Task item:
Leave out the images and return all the data word for word.

-- Provided entries follows --

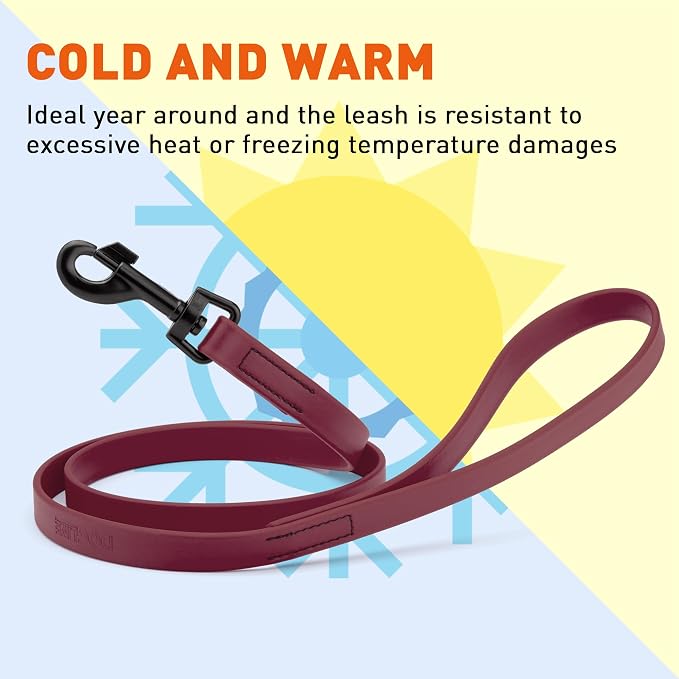 Dogline Biothane Waterproof Dog Leash Strong Coated Nylon Webbing with Black Hardware Odor-Proof Easy to Clean High Performance for Small or Large Dogs Made in USA 4 or 6 ft Lead, Merlot Burgundy - Image 8
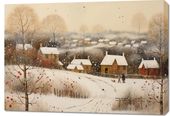 Obraz 100x70cm Wioska Otulona Śniegiem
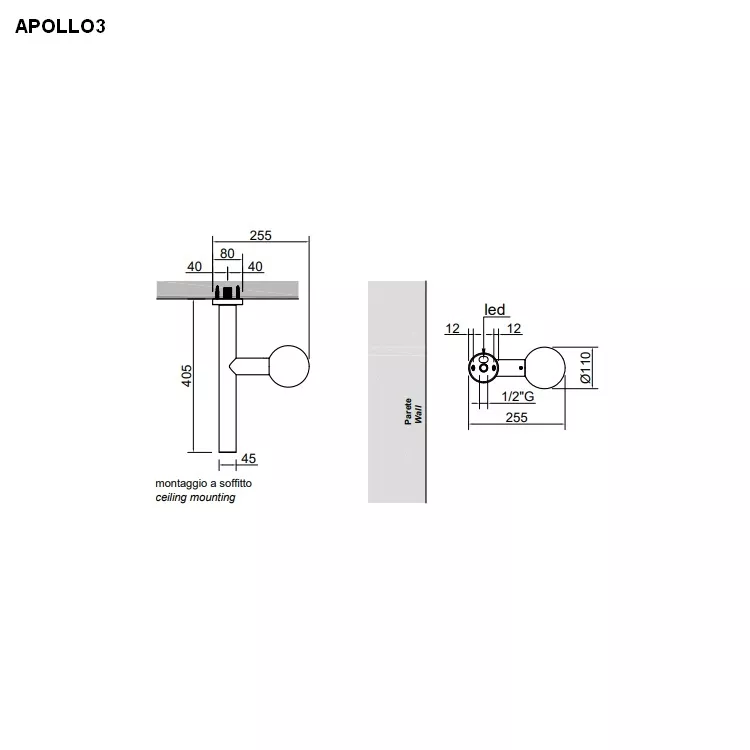 antoniolupi APOLLO Decken-Kopfbrause mit LED-Beleuchtung, schwarz matt-APOLLO3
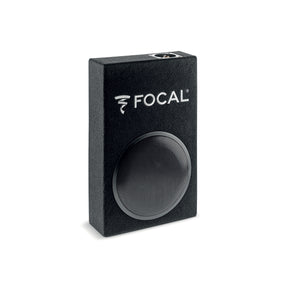 Focal PSB 200 8-inch passive subwoofer enclosure angled view with protective grille and compact carpeted cabinet
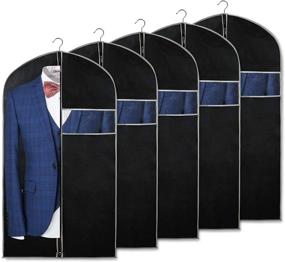 img 4 attached to 👔 Set of 5 Syeeiex 40-Inch Garment Bags Suit Covers for Men - Travel and Closet Storage with Clear Window - Ideal for Suits, Coats, and Men's Attire (Black)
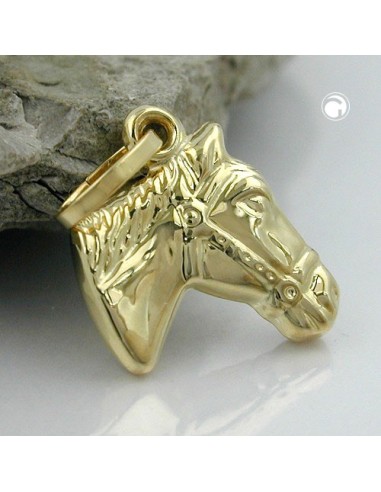 pendant 12x12mm horse head shiny 9k gold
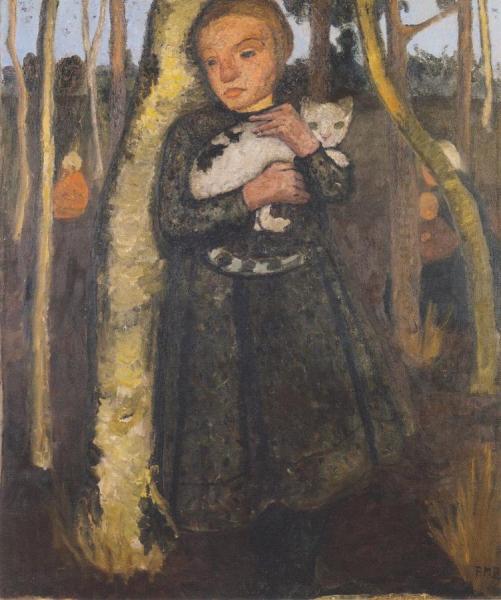 Girl With Cat In The Birch Forest by Paula Modersohn-becker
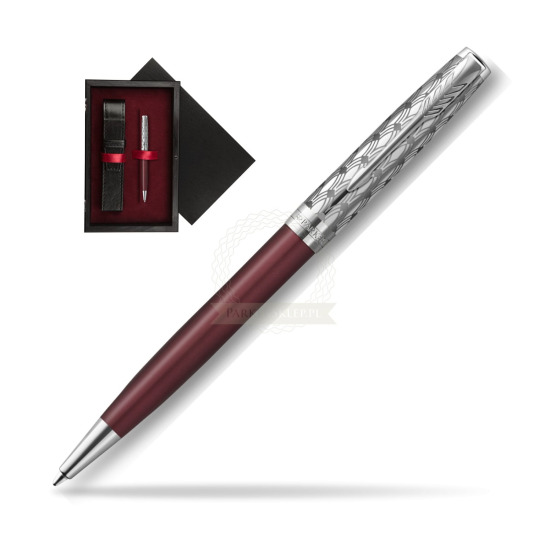 Długopis Parker Sonnet Premium Metal & Red CT w pudełku drewnianym Czerń Single Bordo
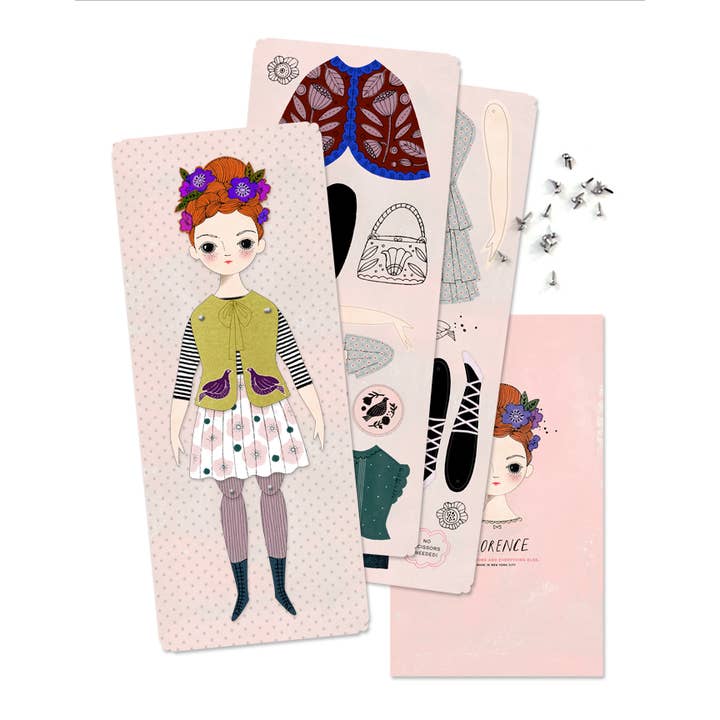 Of Unusual Kind - Wholesale DIY Craft Kit - Kids - FLORENCE PAPER DOLL KIT1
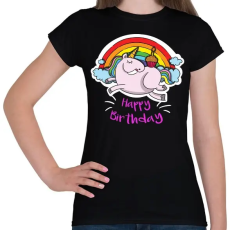 PRINTFASHION Unikornis szülinap - Női póló - Fekete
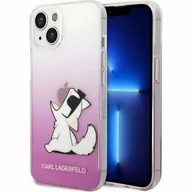 Etui i futerały do telefonów - Karl Lagerfeld Etui Hard Case Transparent Choupette Fun do iPhone 14 Plus różowe ombre - miniaturka - grafika 1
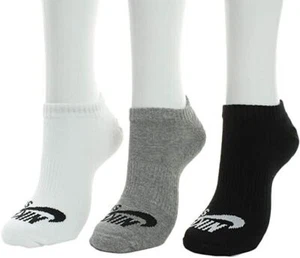 Nike SB No Show Socks 3 Pack Black Grey White New Dri Fit XL 12-15 Men - Picture 1 of 3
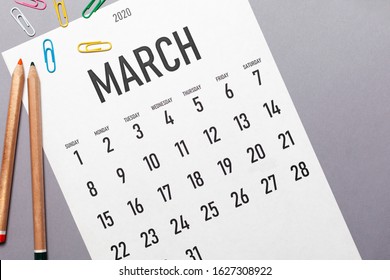 March 2020 2020 simple calendar with office supplies and copy space
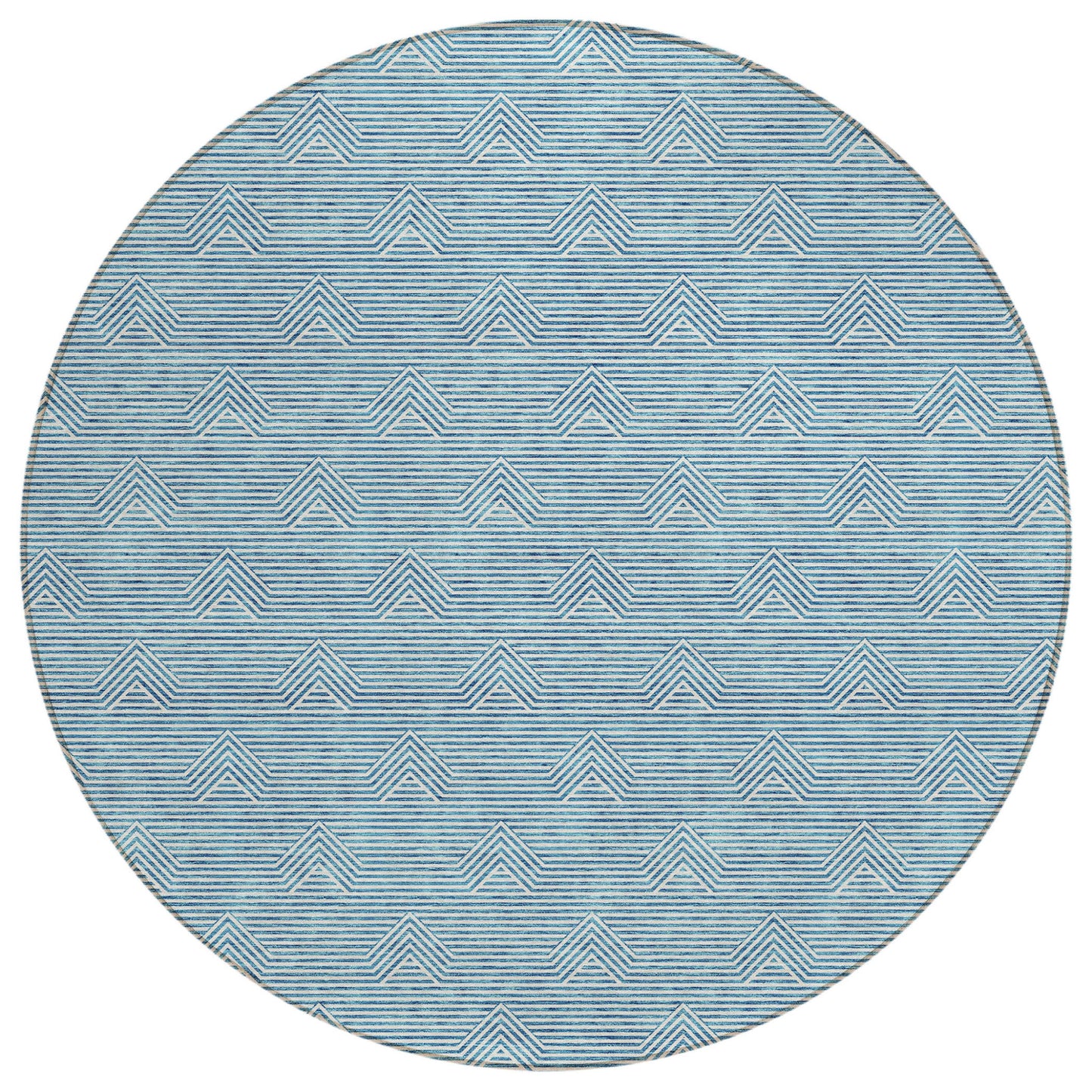 Tabselect Home Line 8' Teal Blue And Ivory Round Geometric Washable Indoor Outdoor Area Rug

-- Provided entries concluded --

Result of the exercise:
 Dogline Biothane Waterproof Dog Leash Strong Coated Nylon Webbing with Black Hardware Odor-Proof Easy to Clean High Performance for Small or Large Dogs Made in USA 4 or 6 ft Lead, Merlot Burgundy - Image 8
 Obraz 100x70cm Wioska Otulona Śniegiem
 antoniolupi APOLLO Decken-Kopfbrause mit LED-Beleuchtung, schwarz matt-APOLLO3
 Focal PSB 200 8-inch passive subwoofer enclosure angled view with protective grille and compact carpeted cabinet
 img 4 attached to 👔 Set of 5 Syeeiex 40-Inch Garment Bags Suit Covers for Men - Travel and Closet Storage with Clear Window - Ideal for Suits, Coats, and Men's Attire (Black)
 pendant 12x12mm horse head shiny 9k gold
 Girl With Cat In The Birch Forest by Paula Modersohn-becker
 Długopis Parker Sonnet Premium Metal & Red CT w pudełku drewnianym Czerń Single Bordo
 Of Unusual Kind - Wholesale DIY Craft Kit - Kids - FLORENCE PAPER DOLL KIT1
 PRINTFASHION Unikornis szülinap - Női póló - Fekete
 Etui i futerały do telefonów - Karl Lagerfeld Etui Hard Case Transparent Choupette Fun do iPhone 14 Plus różowe ombre - miniaturka - grafika 1
 Nike SB No Show Socks 3 Pack Black Grey White New Dri Fit XL 12-15 Men - Picture 1 of 3
 March 2020 2020 simple calendar with office supplies and copy space
 Tabselect Home Line 8' Teal Blue And Ivory Round Geometric Washable Indoor Outdoor Area Rug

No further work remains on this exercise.